*The task*. Give again, word for word, the lines below that run from the line with "Caroline's Treasures Orange" through the line with "Traditional Chinese mooncakes". Drop the pictures.

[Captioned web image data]
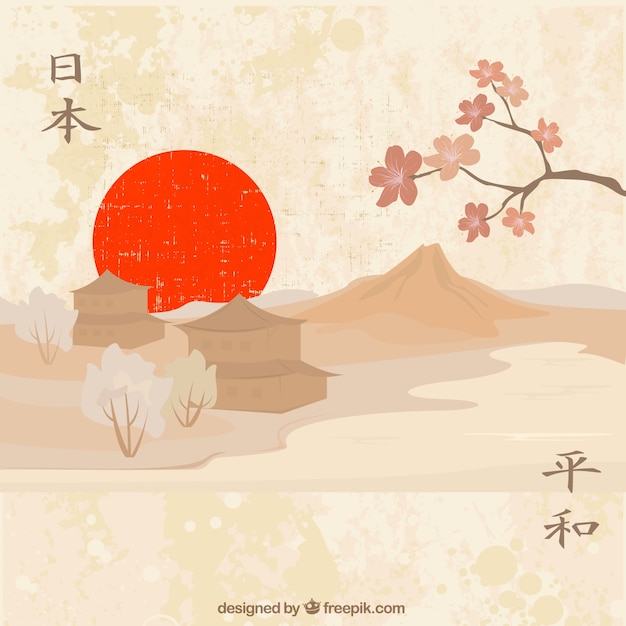 Free Vector japanese landscape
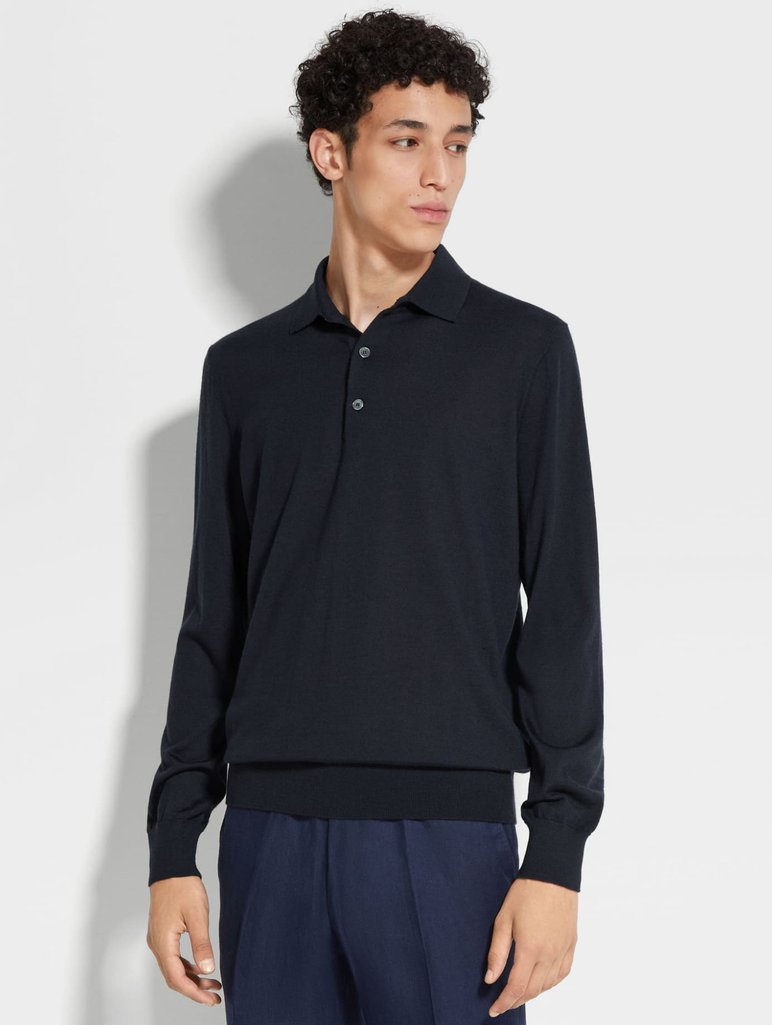 Темно-синее поло ZEGNA из кашемира и шелка: фото 4 - Invogue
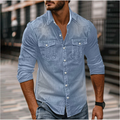 Denim Heren Overhemd Stoer Tijdloos Casual Look – Norvyn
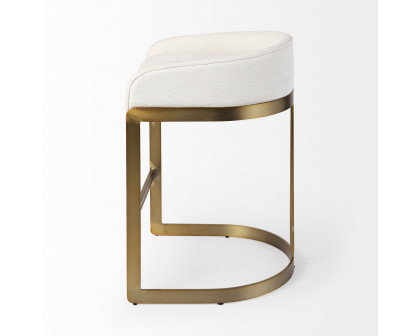 Mercana Hollyfield 29" Counter Stool with Gold Metal Base - Cream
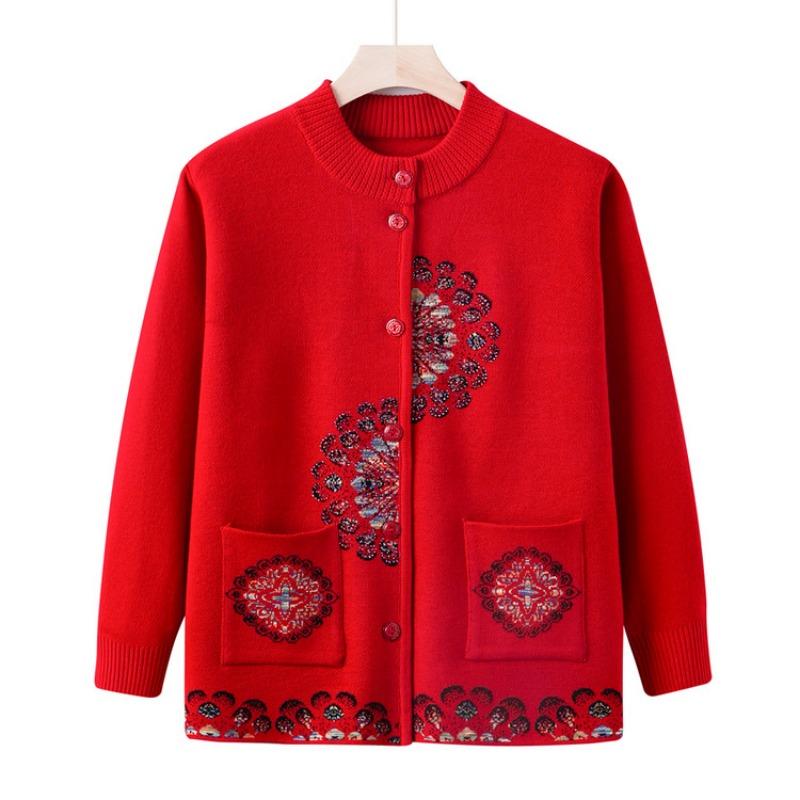 Autumn grandma new knitted sweater medium and old cardigan sweater early autumn mother autumn crew neck top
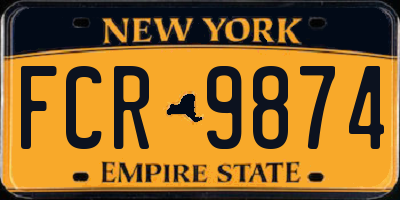 NY license plate FCR9874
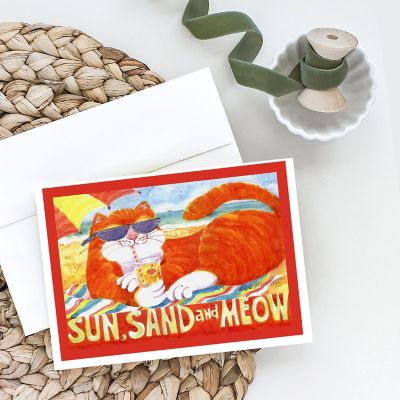 Caroline's Treasures Orange Tabby at the beach Greeting Cards and Envelopes Pack of 8, 7 x 5, Nautical Image 1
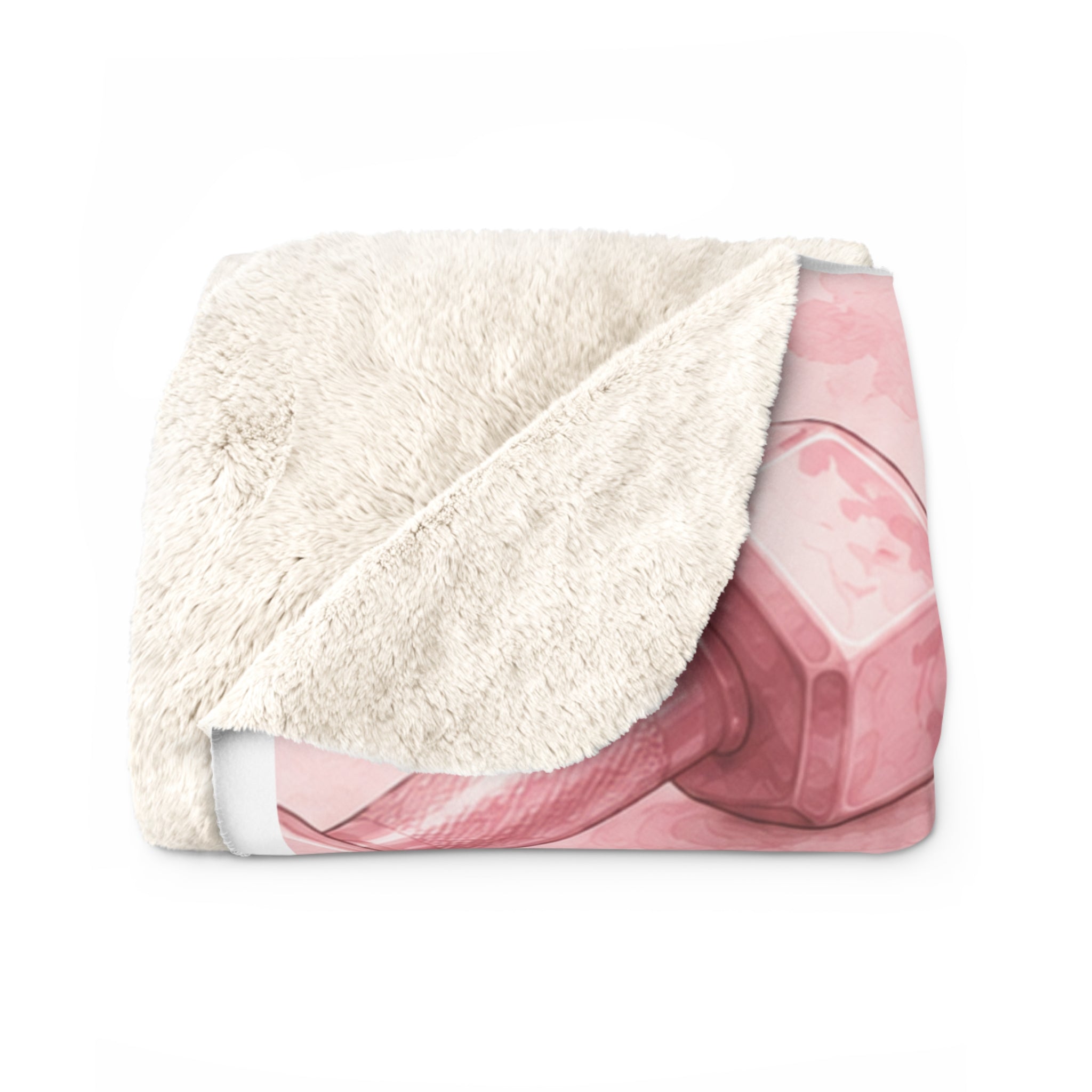Pink Dumbbell Sherpa Blanket — Cozy Fitness Fleece Throw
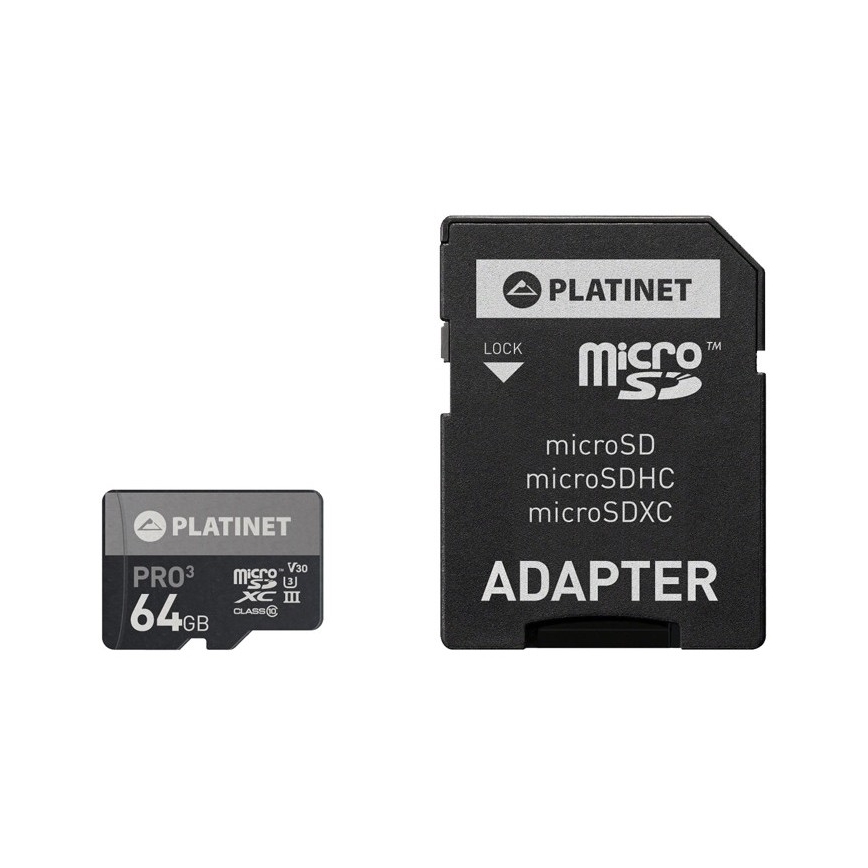 MicroSDXC 64GB U3 Pro A1 90MB/s + Adattatore SD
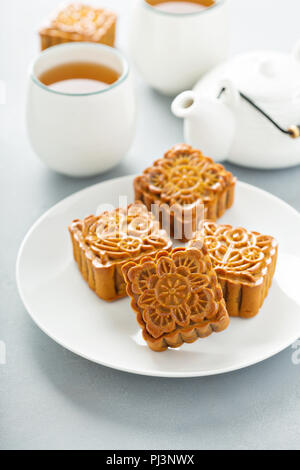 Traditional Chinese mooncakes with lotus and bean paste Stock Photo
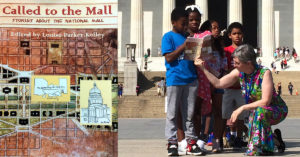 Students from Shining Stars Montessori Academy, with help from teacher Louise Parker Kelley, read their essays from the book "Called to the Mall: An Anthology of Stories About the Mall" at the Lincoln Memorial in Washington, D.C.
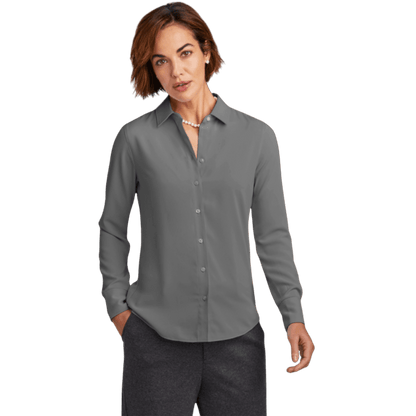 Brooks Brothers® Women’s Full-Button Satin Blouse - Button Down Shirts - SwagWear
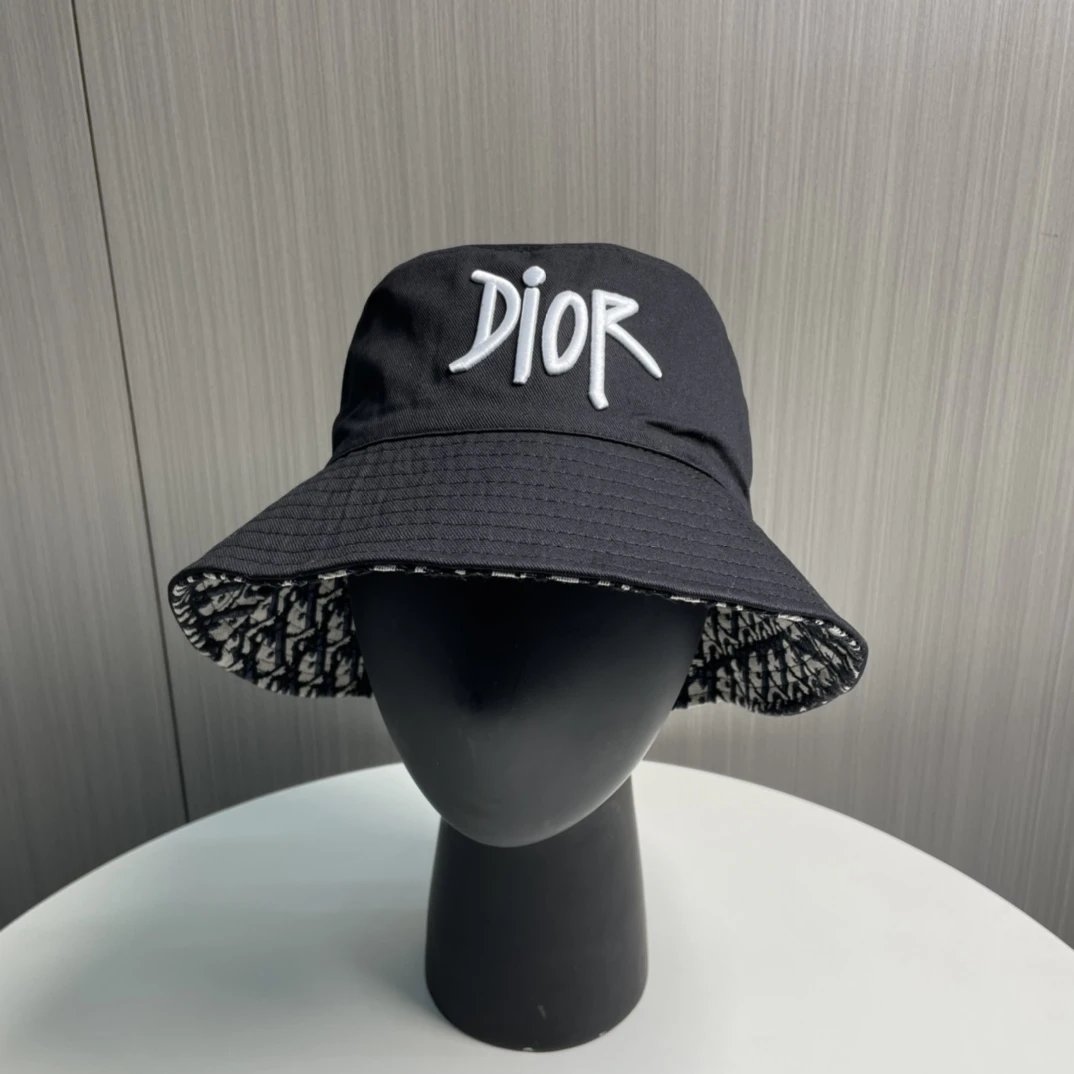 Dior Hat Reversible Embroidery logo Fisherman Hat Casual Sun Protection Plain Face Covering Sunshade Outdoor UV Protection Versatile Flat Top Bucket Hat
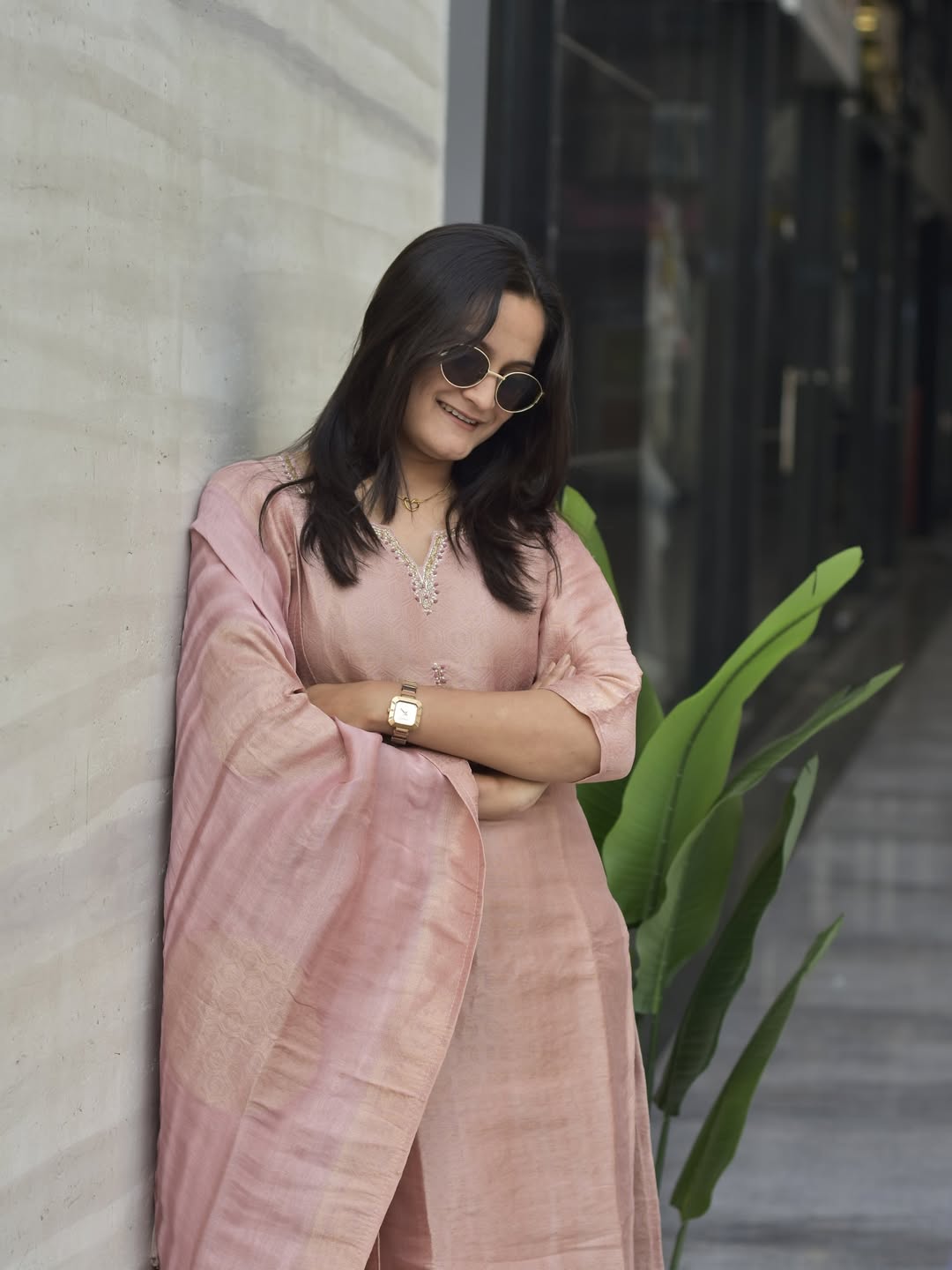 Women's Blush Pink Tissue Silk Embroidered Kurta Pant & Dupatta Set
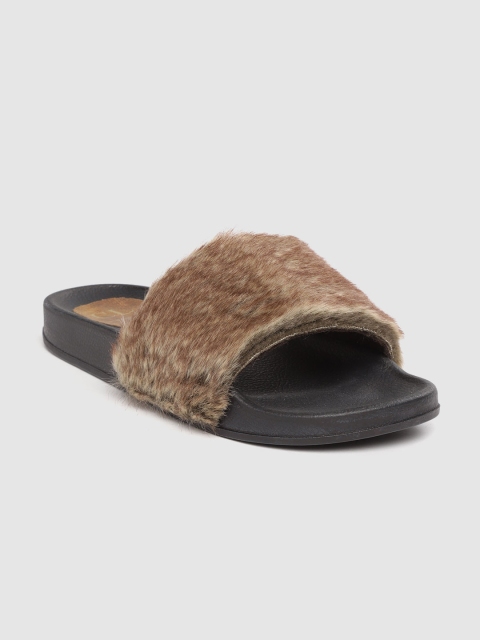 

Carlton London Women Brown Faux Fur Open Toe Flats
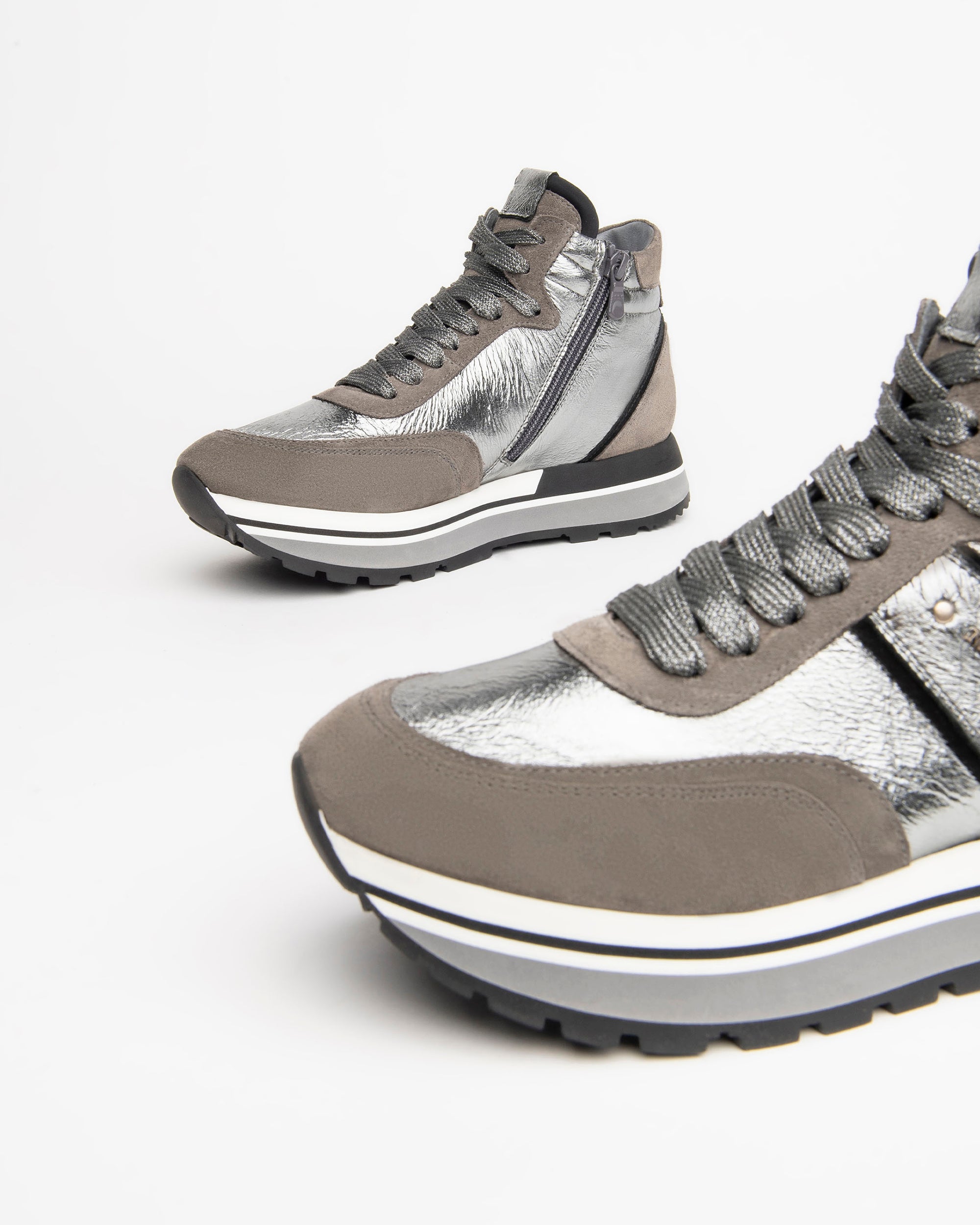 Sneakers Alte Donna in Camoscio e Pelle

*Answer box*.
 Caroline's Treasures Orange Tabby at the beach Greeting Cards and Envelopes Pack of 8, 7 x 5, Nautical Image 1
Pink Dumbbell Sherpa Blanket — Cozy Fitness Fleece Throw
 MicroSDXC 64GB U3 Pro A1 90MB/s + Adattatore SD
 Traditional Chinese mooncakes with lotus and bean paste Stock Photo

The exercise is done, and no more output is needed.